* [THE TASK]: Print the lines of the data, starting with the first, up to and including the line where "American Baby Company" appears.

SOURCE MATERIAL Block Start

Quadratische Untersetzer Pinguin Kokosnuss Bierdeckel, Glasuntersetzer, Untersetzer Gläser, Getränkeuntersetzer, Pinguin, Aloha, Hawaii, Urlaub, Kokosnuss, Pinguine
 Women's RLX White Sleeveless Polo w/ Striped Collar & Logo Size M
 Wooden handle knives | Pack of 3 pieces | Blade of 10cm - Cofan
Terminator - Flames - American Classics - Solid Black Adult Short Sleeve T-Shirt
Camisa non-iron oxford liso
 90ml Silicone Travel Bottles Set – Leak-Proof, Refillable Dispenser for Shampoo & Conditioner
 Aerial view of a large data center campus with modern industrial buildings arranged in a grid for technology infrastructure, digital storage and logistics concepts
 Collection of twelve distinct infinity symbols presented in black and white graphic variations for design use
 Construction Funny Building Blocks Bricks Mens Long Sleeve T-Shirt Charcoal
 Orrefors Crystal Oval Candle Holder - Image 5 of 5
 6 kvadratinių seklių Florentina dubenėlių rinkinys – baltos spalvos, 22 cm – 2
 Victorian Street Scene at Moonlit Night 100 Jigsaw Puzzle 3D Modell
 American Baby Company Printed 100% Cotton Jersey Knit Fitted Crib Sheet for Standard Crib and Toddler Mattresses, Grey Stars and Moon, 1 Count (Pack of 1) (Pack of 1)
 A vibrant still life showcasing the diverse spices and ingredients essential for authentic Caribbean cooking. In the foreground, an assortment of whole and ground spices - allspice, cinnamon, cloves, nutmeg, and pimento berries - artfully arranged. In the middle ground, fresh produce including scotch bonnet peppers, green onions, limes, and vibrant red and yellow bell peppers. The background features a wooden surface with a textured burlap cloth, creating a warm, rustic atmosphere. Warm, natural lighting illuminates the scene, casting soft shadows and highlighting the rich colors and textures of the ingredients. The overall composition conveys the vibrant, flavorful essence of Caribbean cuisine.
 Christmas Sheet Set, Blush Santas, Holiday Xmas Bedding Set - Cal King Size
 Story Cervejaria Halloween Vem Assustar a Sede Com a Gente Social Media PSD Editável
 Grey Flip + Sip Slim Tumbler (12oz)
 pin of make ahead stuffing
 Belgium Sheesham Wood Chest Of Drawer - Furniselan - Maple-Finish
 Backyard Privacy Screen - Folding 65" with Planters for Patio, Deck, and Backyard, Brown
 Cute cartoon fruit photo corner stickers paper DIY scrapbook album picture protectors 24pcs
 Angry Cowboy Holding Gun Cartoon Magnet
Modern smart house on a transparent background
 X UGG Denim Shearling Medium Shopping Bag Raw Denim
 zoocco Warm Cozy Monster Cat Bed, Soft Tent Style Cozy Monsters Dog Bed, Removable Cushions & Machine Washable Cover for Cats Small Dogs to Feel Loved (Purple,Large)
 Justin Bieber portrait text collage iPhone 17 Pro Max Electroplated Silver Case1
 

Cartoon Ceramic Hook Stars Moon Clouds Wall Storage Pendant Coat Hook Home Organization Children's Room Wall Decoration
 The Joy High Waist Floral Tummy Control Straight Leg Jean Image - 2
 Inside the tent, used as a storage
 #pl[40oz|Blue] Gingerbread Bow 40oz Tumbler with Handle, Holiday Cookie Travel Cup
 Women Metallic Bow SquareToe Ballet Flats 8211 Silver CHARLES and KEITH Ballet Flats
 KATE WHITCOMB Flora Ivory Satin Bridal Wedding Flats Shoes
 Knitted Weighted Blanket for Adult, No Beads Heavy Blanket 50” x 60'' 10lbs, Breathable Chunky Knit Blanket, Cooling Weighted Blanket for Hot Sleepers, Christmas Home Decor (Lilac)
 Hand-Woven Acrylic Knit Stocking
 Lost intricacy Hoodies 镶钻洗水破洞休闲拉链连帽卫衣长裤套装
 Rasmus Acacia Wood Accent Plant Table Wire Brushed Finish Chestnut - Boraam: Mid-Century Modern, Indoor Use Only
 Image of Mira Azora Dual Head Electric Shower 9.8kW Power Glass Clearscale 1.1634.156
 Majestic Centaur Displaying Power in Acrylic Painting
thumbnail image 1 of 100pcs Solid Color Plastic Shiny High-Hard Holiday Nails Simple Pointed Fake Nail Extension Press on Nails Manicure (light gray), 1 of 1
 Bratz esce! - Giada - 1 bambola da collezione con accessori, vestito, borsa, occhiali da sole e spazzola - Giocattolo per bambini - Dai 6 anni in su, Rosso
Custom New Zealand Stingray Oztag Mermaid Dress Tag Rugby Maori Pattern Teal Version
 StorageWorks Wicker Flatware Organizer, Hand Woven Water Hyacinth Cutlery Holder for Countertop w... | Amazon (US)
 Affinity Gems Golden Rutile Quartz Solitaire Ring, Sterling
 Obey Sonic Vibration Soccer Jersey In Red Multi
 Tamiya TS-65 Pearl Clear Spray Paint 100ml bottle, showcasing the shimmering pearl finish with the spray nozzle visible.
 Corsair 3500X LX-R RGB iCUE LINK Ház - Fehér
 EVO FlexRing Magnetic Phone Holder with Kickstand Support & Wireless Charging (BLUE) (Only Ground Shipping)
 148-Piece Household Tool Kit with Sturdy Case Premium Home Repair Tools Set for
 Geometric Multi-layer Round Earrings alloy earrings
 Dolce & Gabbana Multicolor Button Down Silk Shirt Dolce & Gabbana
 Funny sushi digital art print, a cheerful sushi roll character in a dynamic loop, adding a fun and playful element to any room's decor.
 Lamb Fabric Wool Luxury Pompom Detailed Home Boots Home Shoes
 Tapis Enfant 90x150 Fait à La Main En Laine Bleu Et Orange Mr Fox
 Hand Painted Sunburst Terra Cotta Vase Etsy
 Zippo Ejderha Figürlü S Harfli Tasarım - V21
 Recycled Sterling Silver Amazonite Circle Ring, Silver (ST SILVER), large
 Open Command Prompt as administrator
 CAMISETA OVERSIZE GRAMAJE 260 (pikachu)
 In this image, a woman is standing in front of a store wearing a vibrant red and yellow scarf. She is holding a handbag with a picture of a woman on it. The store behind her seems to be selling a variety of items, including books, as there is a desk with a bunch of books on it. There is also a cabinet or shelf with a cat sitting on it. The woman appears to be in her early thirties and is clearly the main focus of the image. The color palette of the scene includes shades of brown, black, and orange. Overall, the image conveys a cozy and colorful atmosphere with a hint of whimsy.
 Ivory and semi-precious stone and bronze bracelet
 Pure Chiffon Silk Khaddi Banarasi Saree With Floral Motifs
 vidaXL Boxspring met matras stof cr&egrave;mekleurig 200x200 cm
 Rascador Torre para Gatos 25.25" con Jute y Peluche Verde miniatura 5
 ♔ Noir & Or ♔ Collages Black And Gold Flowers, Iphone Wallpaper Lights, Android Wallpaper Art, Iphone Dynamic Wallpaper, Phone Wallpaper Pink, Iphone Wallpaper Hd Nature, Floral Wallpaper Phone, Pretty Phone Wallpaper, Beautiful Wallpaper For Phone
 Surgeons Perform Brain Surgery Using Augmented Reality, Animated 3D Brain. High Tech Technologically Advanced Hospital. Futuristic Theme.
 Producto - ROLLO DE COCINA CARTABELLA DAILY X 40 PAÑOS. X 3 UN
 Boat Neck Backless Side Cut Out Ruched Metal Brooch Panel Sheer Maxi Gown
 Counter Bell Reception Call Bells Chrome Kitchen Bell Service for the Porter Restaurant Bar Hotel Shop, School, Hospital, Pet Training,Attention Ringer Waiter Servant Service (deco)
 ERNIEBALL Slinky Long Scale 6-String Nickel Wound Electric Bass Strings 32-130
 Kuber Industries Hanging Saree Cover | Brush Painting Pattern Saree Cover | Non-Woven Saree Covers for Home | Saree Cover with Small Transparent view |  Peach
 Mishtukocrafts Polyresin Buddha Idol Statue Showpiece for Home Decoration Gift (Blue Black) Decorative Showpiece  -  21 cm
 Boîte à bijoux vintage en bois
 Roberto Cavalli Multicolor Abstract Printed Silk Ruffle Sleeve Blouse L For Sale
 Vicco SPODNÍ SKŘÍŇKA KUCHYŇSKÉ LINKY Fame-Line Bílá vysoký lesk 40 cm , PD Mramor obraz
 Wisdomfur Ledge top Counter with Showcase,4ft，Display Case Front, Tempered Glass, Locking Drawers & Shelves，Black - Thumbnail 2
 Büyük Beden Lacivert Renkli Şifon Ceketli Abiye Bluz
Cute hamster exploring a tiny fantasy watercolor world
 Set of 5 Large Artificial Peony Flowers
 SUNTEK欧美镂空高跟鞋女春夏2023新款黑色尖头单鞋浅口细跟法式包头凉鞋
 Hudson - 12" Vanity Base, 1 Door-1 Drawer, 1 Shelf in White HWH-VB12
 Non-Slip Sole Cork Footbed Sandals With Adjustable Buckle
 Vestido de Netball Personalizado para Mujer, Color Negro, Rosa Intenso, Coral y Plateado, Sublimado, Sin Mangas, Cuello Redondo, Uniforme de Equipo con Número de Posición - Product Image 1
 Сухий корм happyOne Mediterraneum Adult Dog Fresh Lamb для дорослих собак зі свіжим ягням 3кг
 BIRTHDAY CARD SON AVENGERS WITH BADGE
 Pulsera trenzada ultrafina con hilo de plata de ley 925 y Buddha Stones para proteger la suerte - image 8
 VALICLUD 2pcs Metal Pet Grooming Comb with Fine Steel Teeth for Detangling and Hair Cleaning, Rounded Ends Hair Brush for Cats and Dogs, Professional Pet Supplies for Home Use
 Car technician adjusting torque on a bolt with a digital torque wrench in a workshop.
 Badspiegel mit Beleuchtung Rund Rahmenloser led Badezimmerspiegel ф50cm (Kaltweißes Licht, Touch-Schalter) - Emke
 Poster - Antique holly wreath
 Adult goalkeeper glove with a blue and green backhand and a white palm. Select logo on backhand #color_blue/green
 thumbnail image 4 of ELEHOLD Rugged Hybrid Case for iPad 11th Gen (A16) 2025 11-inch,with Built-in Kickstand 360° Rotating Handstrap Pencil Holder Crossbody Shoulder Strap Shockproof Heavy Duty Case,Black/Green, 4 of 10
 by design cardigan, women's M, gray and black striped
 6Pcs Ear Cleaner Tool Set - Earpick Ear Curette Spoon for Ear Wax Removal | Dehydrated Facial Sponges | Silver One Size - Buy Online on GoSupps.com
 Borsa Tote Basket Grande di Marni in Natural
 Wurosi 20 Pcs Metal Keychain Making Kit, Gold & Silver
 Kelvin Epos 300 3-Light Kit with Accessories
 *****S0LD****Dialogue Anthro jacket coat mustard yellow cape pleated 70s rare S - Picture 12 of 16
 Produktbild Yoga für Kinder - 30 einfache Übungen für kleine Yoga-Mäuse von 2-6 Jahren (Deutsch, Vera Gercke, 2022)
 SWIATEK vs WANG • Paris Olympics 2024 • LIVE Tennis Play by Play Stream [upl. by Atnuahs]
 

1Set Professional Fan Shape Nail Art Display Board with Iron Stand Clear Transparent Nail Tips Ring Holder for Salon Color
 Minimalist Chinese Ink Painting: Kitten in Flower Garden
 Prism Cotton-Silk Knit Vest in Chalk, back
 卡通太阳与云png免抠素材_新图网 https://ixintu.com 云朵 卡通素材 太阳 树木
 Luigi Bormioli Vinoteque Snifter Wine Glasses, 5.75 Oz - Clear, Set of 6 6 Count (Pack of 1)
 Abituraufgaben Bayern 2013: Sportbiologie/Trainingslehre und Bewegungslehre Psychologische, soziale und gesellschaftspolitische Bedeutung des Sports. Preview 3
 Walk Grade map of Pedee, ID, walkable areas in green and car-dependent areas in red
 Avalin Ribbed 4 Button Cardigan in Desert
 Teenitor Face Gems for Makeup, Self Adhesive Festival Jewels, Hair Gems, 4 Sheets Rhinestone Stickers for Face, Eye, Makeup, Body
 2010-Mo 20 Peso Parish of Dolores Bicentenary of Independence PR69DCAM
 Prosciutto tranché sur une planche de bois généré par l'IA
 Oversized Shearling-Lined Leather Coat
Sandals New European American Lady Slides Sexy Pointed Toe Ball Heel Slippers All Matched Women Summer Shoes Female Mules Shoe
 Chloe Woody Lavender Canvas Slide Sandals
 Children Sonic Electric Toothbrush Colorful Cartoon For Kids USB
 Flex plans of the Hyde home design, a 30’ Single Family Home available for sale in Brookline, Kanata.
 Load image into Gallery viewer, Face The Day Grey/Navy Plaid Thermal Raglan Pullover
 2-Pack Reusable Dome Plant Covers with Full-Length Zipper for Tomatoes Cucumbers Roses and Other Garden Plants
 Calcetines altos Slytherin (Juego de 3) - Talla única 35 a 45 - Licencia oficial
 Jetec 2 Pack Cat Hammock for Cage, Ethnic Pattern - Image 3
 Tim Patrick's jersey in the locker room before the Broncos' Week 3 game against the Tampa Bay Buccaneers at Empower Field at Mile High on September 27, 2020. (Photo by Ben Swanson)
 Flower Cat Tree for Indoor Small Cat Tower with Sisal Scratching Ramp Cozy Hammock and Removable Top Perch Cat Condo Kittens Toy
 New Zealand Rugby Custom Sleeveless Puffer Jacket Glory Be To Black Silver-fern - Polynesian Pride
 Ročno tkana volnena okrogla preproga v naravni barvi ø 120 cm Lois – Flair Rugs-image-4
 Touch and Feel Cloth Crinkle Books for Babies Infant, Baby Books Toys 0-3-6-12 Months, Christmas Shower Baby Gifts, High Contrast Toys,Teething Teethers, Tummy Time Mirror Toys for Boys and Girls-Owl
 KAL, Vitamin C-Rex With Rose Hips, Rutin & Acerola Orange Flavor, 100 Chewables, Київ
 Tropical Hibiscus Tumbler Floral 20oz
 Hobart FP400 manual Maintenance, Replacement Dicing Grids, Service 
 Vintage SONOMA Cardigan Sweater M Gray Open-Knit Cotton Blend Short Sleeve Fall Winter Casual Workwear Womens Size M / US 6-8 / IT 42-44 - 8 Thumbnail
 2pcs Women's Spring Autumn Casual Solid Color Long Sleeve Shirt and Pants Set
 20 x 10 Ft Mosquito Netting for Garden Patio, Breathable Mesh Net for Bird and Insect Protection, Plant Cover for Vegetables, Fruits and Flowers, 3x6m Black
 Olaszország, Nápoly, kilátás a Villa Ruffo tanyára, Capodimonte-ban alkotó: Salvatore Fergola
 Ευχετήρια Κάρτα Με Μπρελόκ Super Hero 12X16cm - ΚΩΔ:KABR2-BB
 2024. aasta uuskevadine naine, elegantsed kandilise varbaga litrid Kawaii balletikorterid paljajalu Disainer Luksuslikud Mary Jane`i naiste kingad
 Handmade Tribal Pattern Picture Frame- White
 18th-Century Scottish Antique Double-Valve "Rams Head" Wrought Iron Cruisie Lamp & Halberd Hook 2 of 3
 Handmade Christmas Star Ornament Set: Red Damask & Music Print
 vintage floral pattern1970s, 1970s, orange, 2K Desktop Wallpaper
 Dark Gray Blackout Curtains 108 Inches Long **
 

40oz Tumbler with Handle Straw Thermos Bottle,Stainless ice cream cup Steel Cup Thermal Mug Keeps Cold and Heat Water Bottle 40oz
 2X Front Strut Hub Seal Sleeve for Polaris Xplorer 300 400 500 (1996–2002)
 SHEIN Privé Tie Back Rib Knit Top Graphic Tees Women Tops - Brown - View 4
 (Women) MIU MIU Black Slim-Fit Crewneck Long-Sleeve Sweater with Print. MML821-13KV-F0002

SOURCE MATERIAL Block End

* [SOLVED PROBLEM]:
Quadratische Untersetzer Pinguin Kokosnuss Bierdeckel, Glasuntersetzer, Untersetzer Gläser, Getränkeuntersetzer, Pinguin, Aloha, Hawaii, Urlaub, Kokosnuss, Pinguine
 Women's RLX White Sleeveless Polo w/ Striped Collar & Logo Size M
 Wooden handle knives | Pack of 3 pieces | Blade of 10cm - Cofan
Terminator - Flames - American Classics - Solid Black Adult Short Sleeve T-Shirt
Camisa non-iron oxford liso
 90ml Silicone Travel Bottles Set – Leak-Proof, Refillable Dispenser for Shampoo & Conditioner
 Aerial view of a large data center campus with modern industrial buildings arranged in a grid for technology infrastructure, digital storage and logistics concepts
 Collection of twelve distinct infinity symbols presented in black and white graphic variations for design use
 Construction Funny Building Blocks Bricks Mens Long Sleeve T-Shirt Charcoal
 Orrefors Crystal Oval Candle Holder - Image 5 of 5
 6 kvadratinių seklių Florentina dubenėlių rinkinys – baltos spalvos, 22 cm – 2
 Victorian Street Scene at Moonlit Night 100 Jigsaw Puzzle 3D Modell
 American Baby Company Printed 100% Cotton Jersey Knit Fitted Crib Sheet for Standard Crib and Toddler Mattresses, Grey Stars and Moon, 1 Count (Pack of 1) (Pack of 1)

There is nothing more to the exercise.